Sahabat, saudaraku, apa
yang kita alami saat algoritma yang digunakan dalam teknologi di balik media
sosial dapat menentukan bukan hanya konspirasi di balik penembakan massal di
Las Vegas, Oktober tahun lalu, menyusup ke kartun kegemaran anak kita, Peppa
Pig, yang memakan ayahnya sendiri termasuk bubuk pemutih mesin cuci?

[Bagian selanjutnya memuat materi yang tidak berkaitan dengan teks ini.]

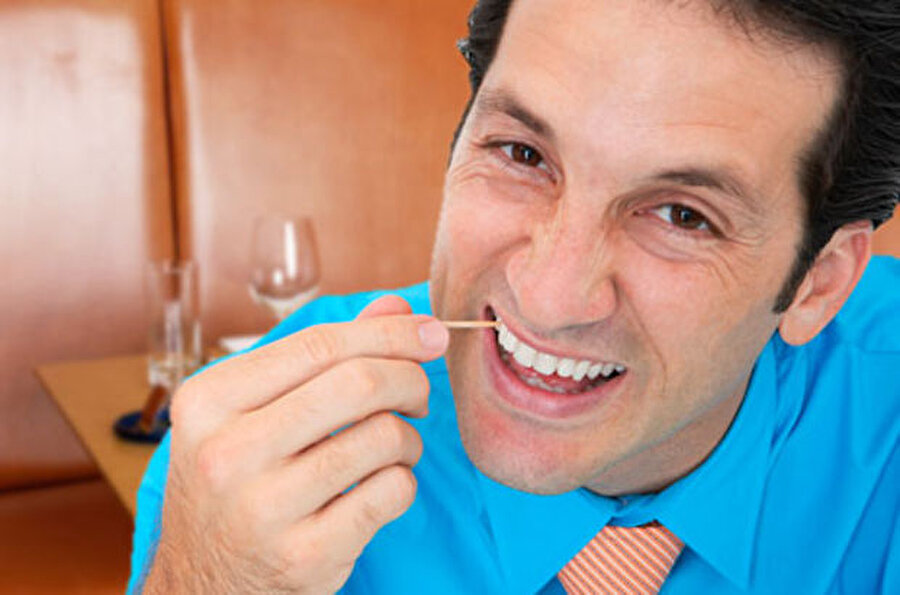Kürdan kullanmayın

                                    Dikkat ederseniz et tüketiminden sonra, dişler kürdanla temizlenmeye çalışılır. Ancak bu durum, diş sağlığı açısından oldukça tehlikelidir. Diş aralarının temizlenmesi gerekli durumlarda diş ipi kullanılmalıdır. 
                                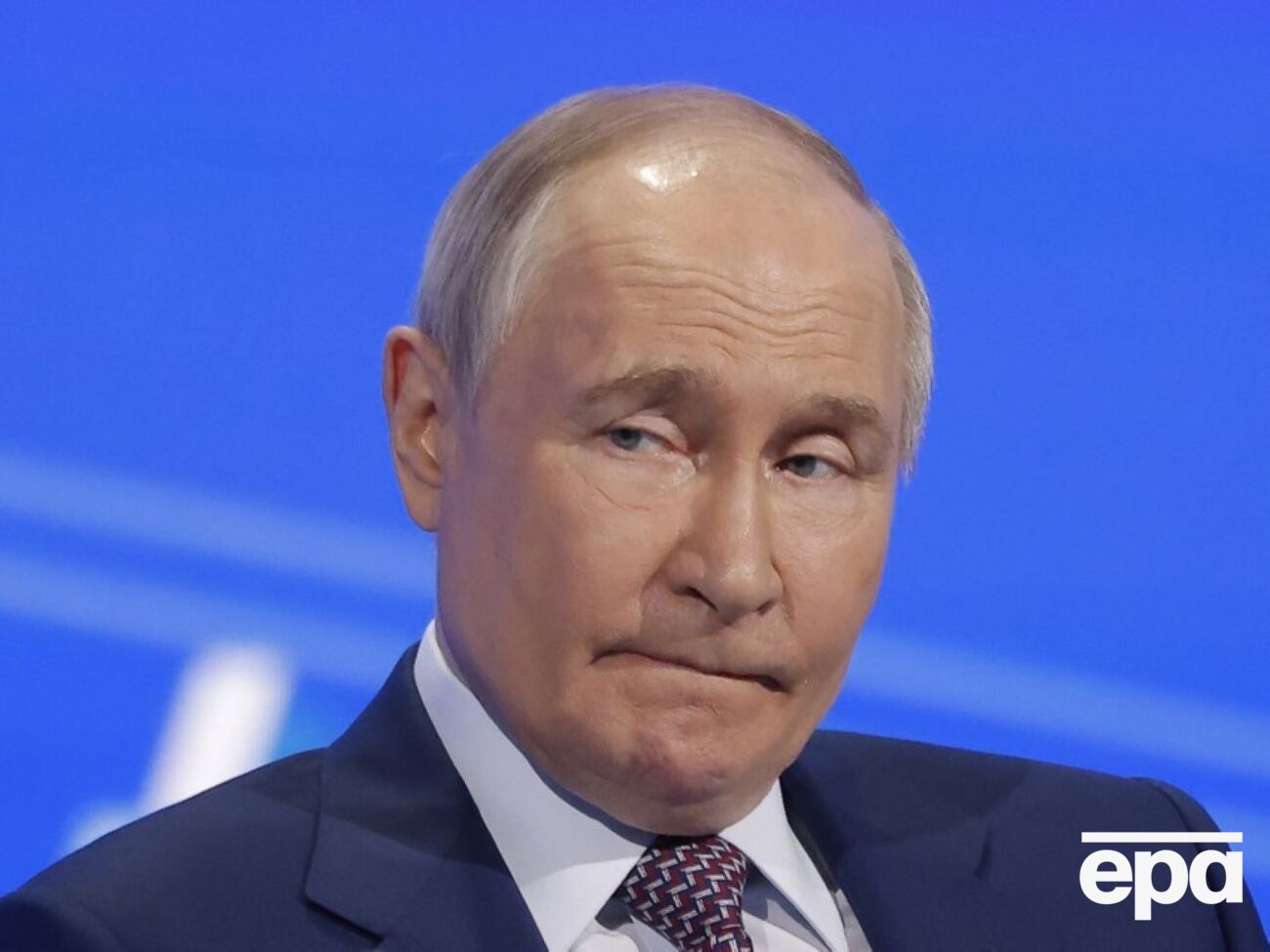 Представитель Совета нацбезопасности Белого дома напомнил, что управление в Украине определяется ее Конституцией и народом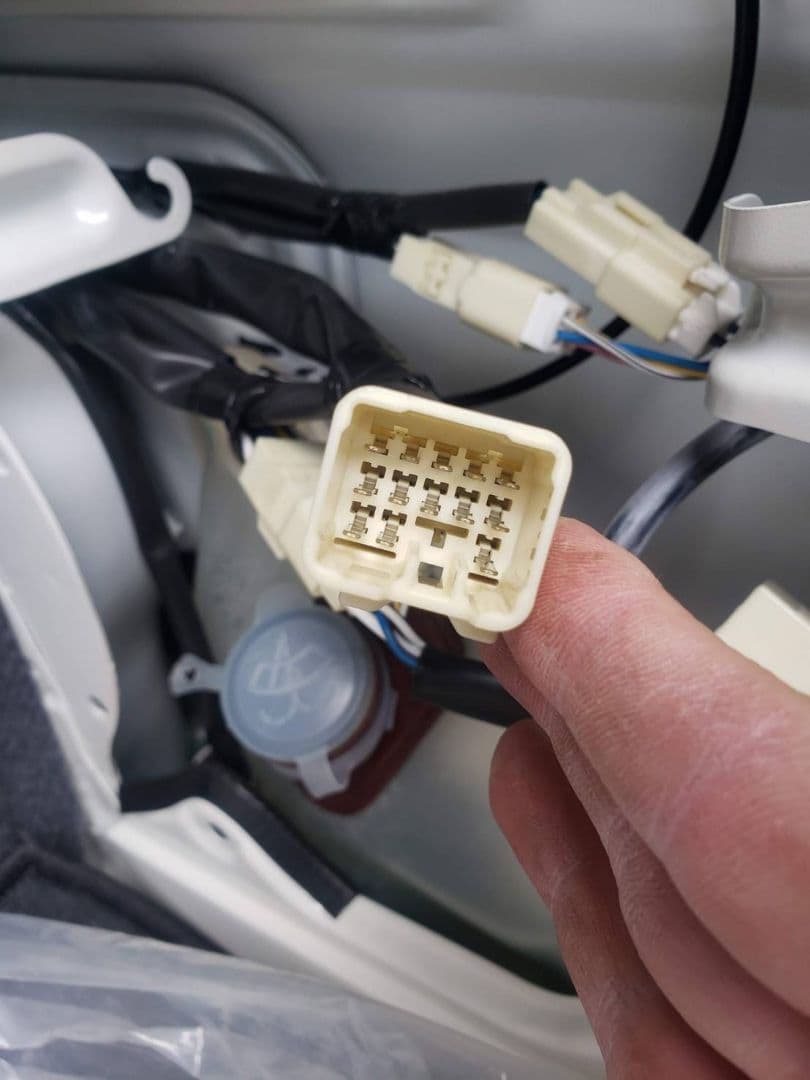再販ランクル70 (GRJ76K)4灯化キット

Bagaimana Google, Facebook, juga Instagram, lewat algoritmanya bisa
menentukan bukan saja mobil favorit kita, melainkan juga warna pakaian dalam
kita? Apa yang terjadi jika blockchain dengan cryptocurrency semacam bitcoin
satu saat mementahkan peran regulator yang konstitutif macam Bank Indonesia
bahkan Otoritas Jasa Keuangan RI?
Dunia sudah berubah,
terlalu berubah. Ia pun tentu mengubah, mengubah kita semua. Baik secara
personal, komunal, nasional, bahkan mengubah secara halus, diam-diam,
pemerintah kita, organisasi-organisasi kita, cara dan sikap kita
mengoperasikan lembaga-lembaga itu semua? Lalu di mana kita, apa yang kita
sadari, kita telah dan harus lakukan, dan seterusnya? Cukupkah kita pasrah
dengan hanya mengamini apa yang dinyatakan sang menteri yang mengurusi
(teknologi) informasi, bahwa itu semua ”tak terhindarkan” (inevitable)?
Tidak. Tentu Anda setuju:
tidak! Tidak ada selain ketetapan-Nya yang ”tak terhindarkan”. Banyak yang
harus kita hindarkan. Setidaknya, bukan cuma untuk menyelamatkan tujuan dan
mimpi bangsa ini, tetapi juga menyelamatkan hidup kita sendiri. Frase
terakhir inilah sesungguhnya makna paling murni dari apa yang kita sebut
dengan ”kebudayaan”.
Kebudayaan
kita
Lalu di mana kebudayaan
itu, kebudayaan kita, alias kebudayaan bangsa (Indonesia) ini? Saya tidak
tahu. Maaf, jujur saya harus berkata, tidak tahu. Kalaupun saya tahu, saya
tidak akan mengatakannya. Karena kebudayaan (bangsa/nasional Indonesia) kita
bukanlah celotehan satu mulut saja, tetapi ia harus menjadi mufakat semua
pemangku kepentingan utama negeri ini. Dan, mufakat itu belum ada, belum
pernah ada. Maaf, lagi-lagi, para bapak dan ibu bangsa ini belum
berhasil—jika tidak bisa dibilang gagal—memufakatkan persoalan esensial di
atas.
Mengapa esensial? Karena
dalam pengertian apa pun, juga akademis, kebudayaan adalah dimensi atau
tepatnya (esen)isi yang semestinya ada dan membentuk apa yang disebut dengan
”bangsa”. Bagaimana sebuah bangsa ada, terbentuk dan berkembang tanpa adat,
tradisi atau budaya di dalamnya? Konklusi: bagaimana ada bangsa Indonesia
jika kebudayaannya saja tak dapat kita jelaskan? Alhasil, bagaimana negara
bisa dibentuk dan dijalankan untuk sebuah bangsa yang ia kenal pun tidak,
alias tidak ada? Hikmahnya, kita berada dalam situasi yang begitu kritis,
bahkan bisa jadi absurd.
Apa yang bisa dilakukan
dalam situasi absurd di atas, mungkin hanya mengidentifikasi sifat-sifat
superkritis yang menjadi bagian dari absurditas. Tidak lain gejala atau
fenomena-fenomena kehidupan (sosial) yang ada dalam kehidupan sehari-hari
kita belakangan ini. Semua yang secara kategoris dapat digolongkan sebagai ”produk-produk”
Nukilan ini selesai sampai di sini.